Results: High molar activity [61Cu]Cu-DOTA-TATE and [61Cu]Cu-NOTA-TATE were successfully prepared with a radiochemical purity of over 95% and were shown to be stable for at least 6 h after the EOS. Both 61Cu- and 68Ga-labeled SST analogues exhibited high cellular uptake, with residual uptake when blocked with an excessive amount of peptide precursor. [61Cu]Cu-NOTA-TATE showed the highest tumor uptake at 1 h p.i. (13.25 ± 1.86%ID/g) and the tumor-to-non-tumor ratio increased from 1 h to 4 h p.i. At the later time point, tumor visualization improved compared to 1 h p.i. Moreover, preclinical PET/MR images demonstrated that [61Cu]Cu-NOTA-TATE has a more favorable biodistribution and imaging properties than [61Cu]Cu-DOTA-TATE, with the extended PET imaging window providing a clear advantage of [61Cu]Cu-NOTA-TATE over its gallium-68 analogues.
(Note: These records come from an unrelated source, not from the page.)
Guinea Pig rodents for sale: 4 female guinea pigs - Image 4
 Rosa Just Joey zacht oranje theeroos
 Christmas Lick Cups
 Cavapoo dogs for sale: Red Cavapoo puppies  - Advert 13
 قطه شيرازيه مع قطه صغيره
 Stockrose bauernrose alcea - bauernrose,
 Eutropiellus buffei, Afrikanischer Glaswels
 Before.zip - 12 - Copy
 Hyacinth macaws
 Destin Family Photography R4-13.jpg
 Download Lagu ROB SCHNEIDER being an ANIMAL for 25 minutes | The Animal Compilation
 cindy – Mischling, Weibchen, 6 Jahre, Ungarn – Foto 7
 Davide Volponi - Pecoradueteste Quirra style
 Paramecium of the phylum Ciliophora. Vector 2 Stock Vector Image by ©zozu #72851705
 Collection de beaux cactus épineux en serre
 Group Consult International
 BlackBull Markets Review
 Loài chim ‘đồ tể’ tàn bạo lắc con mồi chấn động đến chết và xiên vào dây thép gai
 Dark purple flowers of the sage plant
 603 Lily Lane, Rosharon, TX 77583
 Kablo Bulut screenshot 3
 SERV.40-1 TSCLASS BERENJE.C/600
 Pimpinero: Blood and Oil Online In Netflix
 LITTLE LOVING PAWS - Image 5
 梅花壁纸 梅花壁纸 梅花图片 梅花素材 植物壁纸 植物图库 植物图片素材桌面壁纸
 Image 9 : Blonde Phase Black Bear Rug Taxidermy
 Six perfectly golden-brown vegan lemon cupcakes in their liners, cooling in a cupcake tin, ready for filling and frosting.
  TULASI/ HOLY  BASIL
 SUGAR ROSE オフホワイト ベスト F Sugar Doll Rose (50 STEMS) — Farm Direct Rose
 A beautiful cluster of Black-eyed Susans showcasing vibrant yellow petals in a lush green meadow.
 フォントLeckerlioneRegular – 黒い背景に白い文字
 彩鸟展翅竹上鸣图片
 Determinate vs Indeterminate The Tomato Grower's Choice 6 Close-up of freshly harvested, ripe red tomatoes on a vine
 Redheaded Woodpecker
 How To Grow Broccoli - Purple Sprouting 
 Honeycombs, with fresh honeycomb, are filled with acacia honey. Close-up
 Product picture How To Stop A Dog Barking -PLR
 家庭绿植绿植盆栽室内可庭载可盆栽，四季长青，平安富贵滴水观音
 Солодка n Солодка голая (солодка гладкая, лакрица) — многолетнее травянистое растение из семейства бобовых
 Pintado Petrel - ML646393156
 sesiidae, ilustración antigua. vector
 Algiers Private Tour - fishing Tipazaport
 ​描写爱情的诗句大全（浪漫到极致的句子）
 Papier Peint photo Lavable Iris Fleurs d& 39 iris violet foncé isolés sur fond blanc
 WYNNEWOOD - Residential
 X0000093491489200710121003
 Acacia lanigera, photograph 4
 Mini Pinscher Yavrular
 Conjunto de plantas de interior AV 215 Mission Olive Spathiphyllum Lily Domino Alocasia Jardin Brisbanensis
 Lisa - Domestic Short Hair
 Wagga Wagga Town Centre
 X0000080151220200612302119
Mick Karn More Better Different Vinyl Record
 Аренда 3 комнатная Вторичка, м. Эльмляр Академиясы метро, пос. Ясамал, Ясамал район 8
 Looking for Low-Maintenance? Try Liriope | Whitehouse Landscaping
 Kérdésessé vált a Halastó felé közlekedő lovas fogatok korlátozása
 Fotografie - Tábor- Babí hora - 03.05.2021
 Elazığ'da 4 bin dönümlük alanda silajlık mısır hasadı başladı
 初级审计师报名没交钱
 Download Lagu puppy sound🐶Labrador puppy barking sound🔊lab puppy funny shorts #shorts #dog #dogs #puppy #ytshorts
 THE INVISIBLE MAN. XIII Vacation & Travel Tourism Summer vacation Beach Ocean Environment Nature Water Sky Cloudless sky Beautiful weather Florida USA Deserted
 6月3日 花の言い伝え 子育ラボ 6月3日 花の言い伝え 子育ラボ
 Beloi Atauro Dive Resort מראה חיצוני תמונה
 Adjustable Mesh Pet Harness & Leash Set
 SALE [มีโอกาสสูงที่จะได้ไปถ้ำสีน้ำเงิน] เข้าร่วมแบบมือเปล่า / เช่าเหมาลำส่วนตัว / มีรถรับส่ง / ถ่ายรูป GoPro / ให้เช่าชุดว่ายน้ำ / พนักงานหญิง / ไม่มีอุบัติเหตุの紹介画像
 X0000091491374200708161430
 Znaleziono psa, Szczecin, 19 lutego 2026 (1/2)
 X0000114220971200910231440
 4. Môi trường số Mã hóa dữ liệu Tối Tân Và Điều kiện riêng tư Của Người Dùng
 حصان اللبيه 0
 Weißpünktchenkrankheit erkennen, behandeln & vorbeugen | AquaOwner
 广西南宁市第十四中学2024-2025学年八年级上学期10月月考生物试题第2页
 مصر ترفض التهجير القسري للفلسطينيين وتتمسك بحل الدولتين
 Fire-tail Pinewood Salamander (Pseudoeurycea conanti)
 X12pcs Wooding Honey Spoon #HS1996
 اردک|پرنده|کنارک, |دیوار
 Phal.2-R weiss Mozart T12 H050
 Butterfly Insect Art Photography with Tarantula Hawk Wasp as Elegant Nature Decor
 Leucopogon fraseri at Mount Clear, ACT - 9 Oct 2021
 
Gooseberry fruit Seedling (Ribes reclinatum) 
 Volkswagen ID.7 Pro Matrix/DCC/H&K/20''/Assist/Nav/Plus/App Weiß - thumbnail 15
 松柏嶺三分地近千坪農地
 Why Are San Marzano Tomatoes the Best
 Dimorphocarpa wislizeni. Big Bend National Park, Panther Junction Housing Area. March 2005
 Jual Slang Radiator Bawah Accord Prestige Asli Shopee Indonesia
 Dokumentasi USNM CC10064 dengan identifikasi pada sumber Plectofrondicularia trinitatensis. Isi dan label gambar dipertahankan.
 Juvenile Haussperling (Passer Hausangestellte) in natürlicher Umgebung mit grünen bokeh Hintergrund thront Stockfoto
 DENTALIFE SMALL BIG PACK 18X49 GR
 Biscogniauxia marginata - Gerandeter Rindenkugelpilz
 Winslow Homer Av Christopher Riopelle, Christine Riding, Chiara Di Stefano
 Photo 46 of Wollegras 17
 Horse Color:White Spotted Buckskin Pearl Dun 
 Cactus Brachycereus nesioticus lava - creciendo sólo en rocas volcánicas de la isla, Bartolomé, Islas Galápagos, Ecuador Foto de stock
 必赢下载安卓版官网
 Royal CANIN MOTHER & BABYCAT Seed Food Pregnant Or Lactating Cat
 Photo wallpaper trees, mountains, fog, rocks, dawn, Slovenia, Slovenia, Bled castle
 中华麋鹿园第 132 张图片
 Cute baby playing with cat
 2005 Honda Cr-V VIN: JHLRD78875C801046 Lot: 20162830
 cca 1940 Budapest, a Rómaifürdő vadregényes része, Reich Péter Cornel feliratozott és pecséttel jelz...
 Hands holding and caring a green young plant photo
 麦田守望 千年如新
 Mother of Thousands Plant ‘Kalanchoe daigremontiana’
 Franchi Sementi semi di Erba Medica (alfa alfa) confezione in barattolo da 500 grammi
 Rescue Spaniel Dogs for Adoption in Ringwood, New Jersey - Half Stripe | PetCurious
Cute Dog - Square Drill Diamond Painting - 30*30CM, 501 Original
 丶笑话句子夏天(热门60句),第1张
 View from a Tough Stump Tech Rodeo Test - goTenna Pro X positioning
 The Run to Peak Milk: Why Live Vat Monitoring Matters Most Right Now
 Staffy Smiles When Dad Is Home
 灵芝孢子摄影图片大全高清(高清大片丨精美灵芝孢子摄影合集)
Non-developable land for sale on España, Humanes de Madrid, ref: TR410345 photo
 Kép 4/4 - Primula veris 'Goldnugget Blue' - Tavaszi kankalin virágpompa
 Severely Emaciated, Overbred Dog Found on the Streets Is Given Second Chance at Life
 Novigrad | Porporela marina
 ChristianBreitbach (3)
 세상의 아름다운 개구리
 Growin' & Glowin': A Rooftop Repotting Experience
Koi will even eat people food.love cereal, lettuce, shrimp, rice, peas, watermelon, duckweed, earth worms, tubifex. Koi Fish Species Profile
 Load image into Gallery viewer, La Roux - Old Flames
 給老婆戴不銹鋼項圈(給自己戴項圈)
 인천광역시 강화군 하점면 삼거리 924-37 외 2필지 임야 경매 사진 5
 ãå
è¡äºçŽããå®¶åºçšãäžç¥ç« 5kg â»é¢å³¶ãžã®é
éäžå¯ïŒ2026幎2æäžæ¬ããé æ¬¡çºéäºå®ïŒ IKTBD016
Conclusions: [61Cu]Cu-NOTA-TATE showed similar biodistribution and pharmacokinetics to [68Ga]Ga-DOTA-TATE at 1 h p.i., while demonstrating superior imaging characteristics for late PET imaging. These findings demonstrate that [61Cu]Cu-NOTA-TATE holds promising characteristics for improving the detection of NETs with increased translational potential.